Process: Macroblogging


Working with the Web everyday, I find I spend little time on Facebook on my off hours. I resist spending more time on the computer after work. Yet, if I really wanted to limit my screen time, why did I choose to blog?

It is of course a forum to express views and tell stories, a tool to communicate, to start a dialogue… We argued the potential of the blogging medium as a new writing tool in grad school. Its underlining structure, much like the journal, depends on chronological entries, of postings in time. While the discipline and rigor of writing regularly could only help improve one’s craft, the inherent qualities of the blog, like thematic cloud tags, interlinking and multimedia, could arguably provide new ways of writing, even stirring up new ways of thinking about the creative process itself. The format of the blog has adopted Deleuze and Guattari’s philosophical concept of the rhizome: multiple, in-between and non-hierarchical.

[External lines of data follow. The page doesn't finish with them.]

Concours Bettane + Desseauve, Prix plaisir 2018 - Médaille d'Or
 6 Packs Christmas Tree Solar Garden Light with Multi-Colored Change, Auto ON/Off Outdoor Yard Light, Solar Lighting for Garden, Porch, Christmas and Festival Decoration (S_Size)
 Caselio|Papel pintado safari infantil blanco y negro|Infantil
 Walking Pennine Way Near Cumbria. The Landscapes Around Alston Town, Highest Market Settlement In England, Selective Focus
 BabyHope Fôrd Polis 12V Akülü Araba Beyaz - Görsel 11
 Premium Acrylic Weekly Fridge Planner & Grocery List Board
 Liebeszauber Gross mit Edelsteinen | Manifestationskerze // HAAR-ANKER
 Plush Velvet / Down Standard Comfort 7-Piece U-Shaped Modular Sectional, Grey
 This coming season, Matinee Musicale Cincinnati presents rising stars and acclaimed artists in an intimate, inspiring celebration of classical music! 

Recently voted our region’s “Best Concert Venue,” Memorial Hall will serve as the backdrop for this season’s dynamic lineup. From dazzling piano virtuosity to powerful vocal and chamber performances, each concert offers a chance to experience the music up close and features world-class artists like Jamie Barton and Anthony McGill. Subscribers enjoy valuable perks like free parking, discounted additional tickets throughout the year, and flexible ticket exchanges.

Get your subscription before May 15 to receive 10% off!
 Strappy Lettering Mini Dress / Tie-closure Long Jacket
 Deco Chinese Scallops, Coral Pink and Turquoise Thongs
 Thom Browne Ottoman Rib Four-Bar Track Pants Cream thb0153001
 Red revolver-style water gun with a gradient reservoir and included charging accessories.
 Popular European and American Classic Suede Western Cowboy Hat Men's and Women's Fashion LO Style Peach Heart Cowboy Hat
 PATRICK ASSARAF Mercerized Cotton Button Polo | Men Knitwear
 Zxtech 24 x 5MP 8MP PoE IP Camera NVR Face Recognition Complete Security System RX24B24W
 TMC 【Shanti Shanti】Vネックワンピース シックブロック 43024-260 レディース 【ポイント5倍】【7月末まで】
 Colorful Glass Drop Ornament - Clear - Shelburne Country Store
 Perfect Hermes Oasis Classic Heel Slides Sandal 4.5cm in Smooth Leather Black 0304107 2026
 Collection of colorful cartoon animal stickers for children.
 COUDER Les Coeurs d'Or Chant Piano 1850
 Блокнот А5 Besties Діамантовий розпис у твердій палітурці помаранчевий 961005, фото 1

My own social networks (Facebook and LinkedIn) are indeed rhizomatic in that they are on the surface and widely spread out. The communication style is staccato-like and sporadic. Some would say concise, especially when referring to microblogging — the 140 characters that constrain the tweet. As an artist however, I am more interested in the opposite. Would it be macroblogging? The sometimes rambling but usually exploratory writing exercises that allow me to develop my ideas in depth. A tool to help me to reflect on various themes from placenames and personal mapping, to visual representations of time, memory and knowledge.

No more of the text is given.